* Available data:
• • •

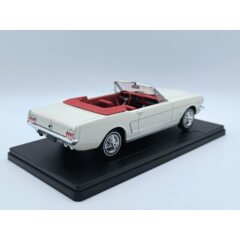 1:24 Масштабная модель FORD Mustang convertible (1965), white / red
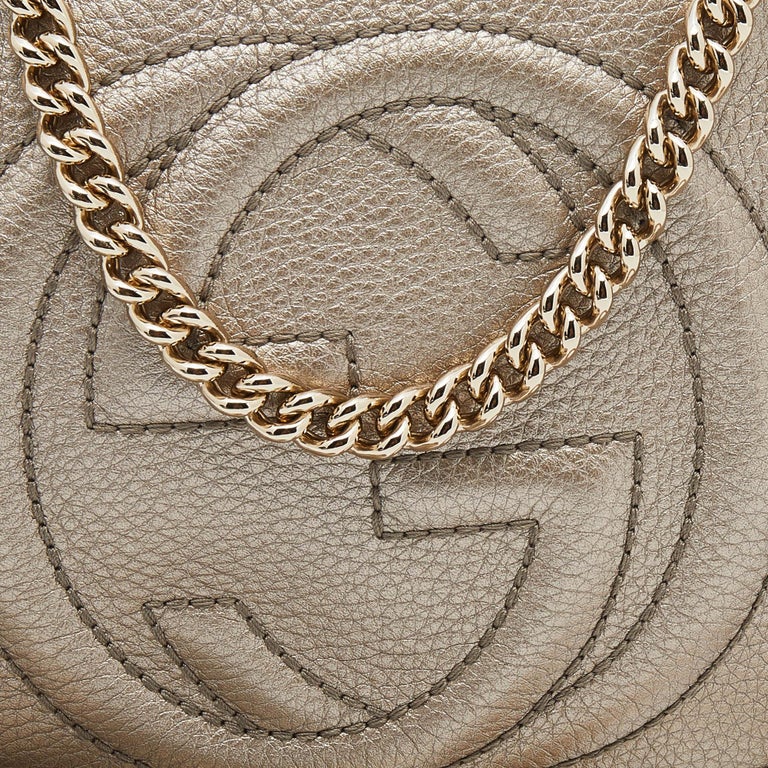 Gucci Metallic Gold Leather Mini Soho Chain Crossbody Bag For Sale at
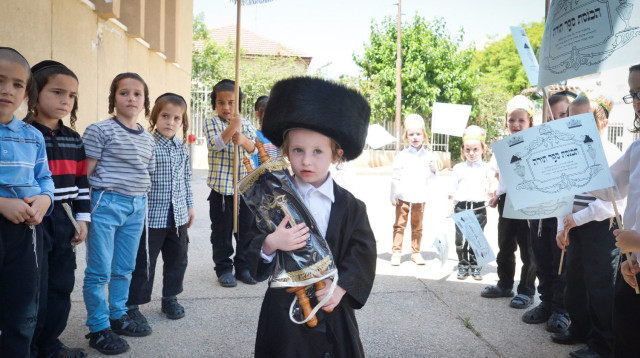 חוגגים שבועות ברחובות (צילום: יוסי זליגר, פלאש 90)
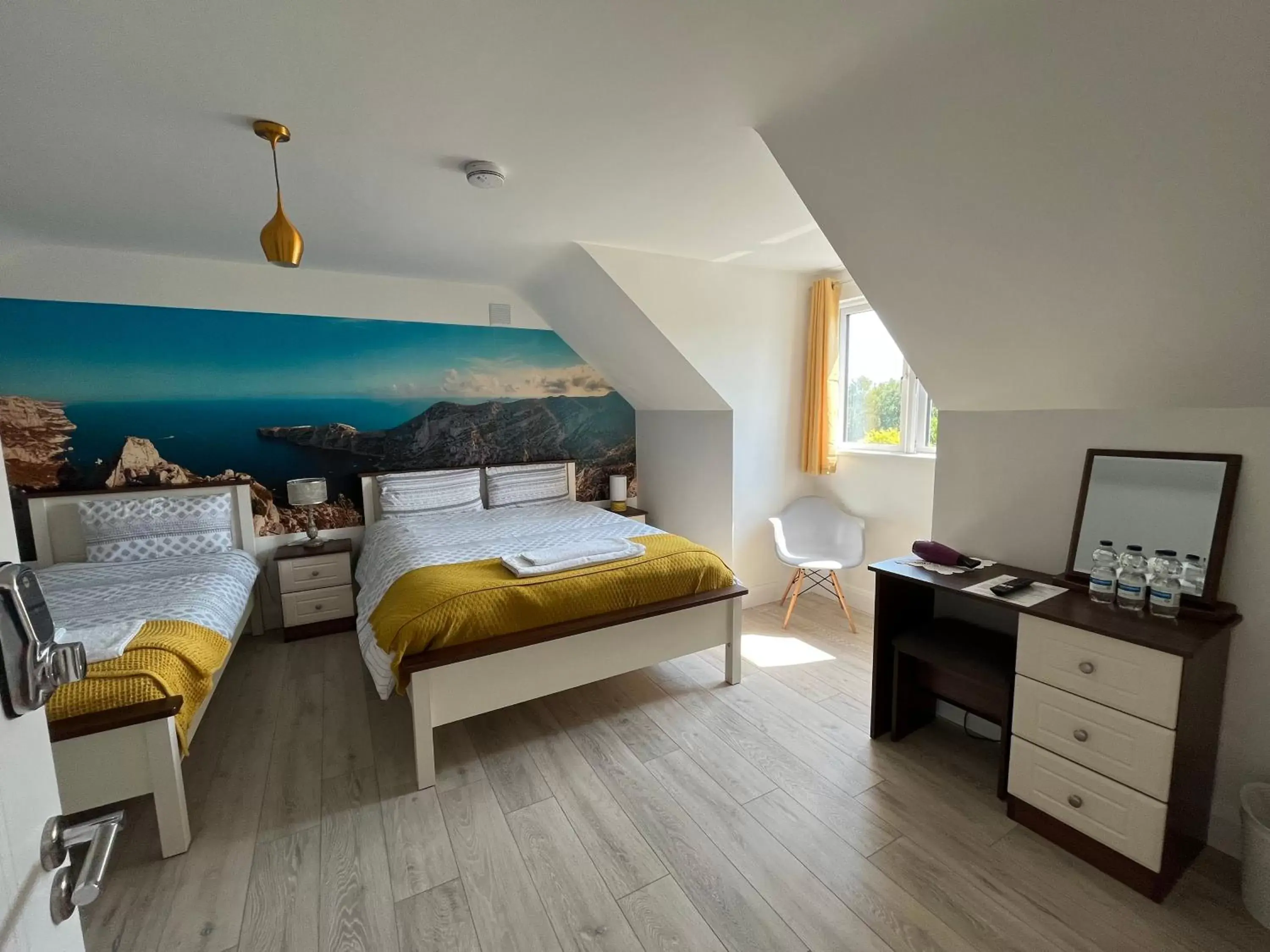 Triple Room in 5-star B&B and Historical Cottage "Mon Petit Cottage" Triple Room in 5-star B&B and Historical Cottage "Mon Petit Cottage"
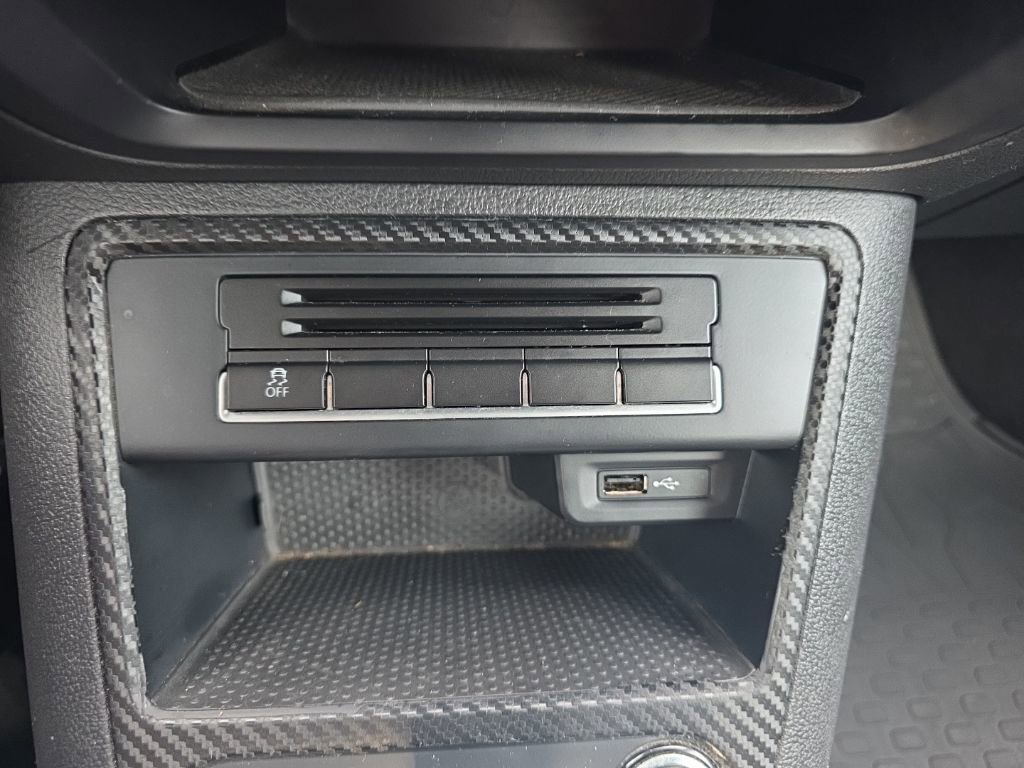 Used 2016 Volkswagen Tiguan S image 24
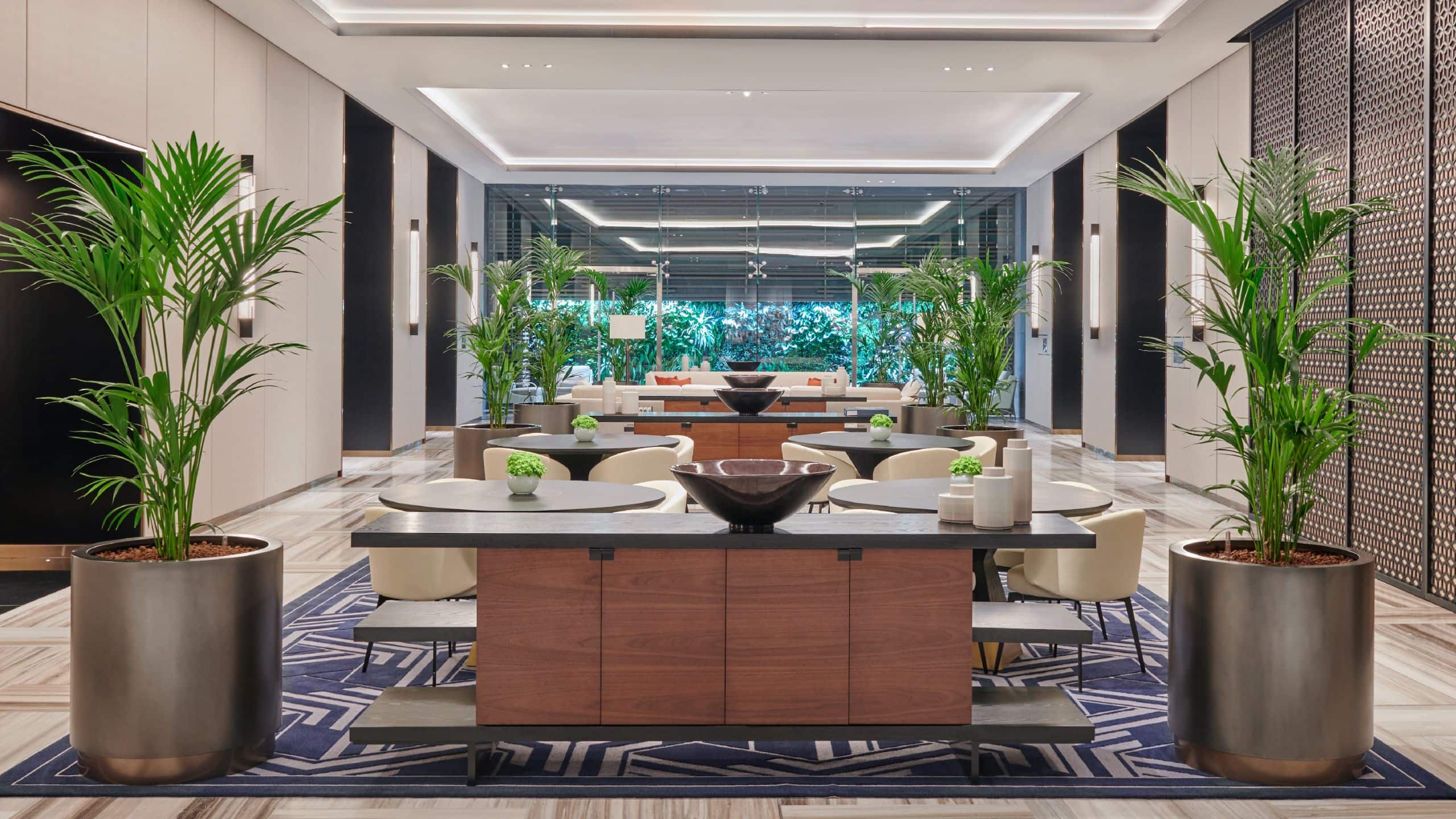 Grand Hyatt Kuwait The Gallery Foyer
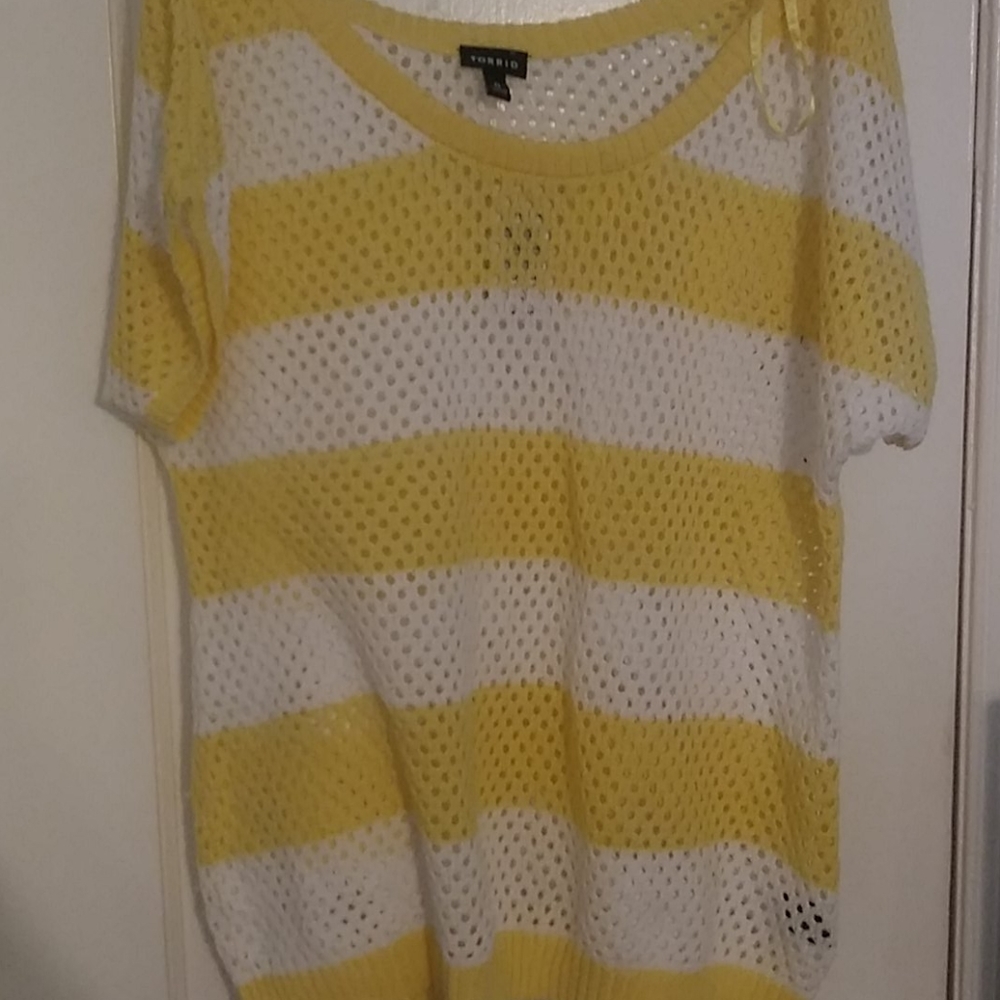 Torrid knitted short sleeve shirt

• • •

* Aim of the exercise:
In the records above, locate the line with "חוגגים שבועות ברחובות"; output it and each line after it through the last one, exactly, omitting pictures.

* Result:
 חוגגים שבועות ברחובות (צילום: יוסי זליגר, פלאש 90)
 Triple Room in 5-star B&B and Historical Cottage "Mon Petit Cottage" Triple Room in 5-star B&B and Historical Cottage "Mon Petit Cottage"
 Used 2016 Volkswagen Tiguan S image 24
 Grand Hyatt Kuwait The Gallery Foyer
 Torrid knitted short sleeve shirt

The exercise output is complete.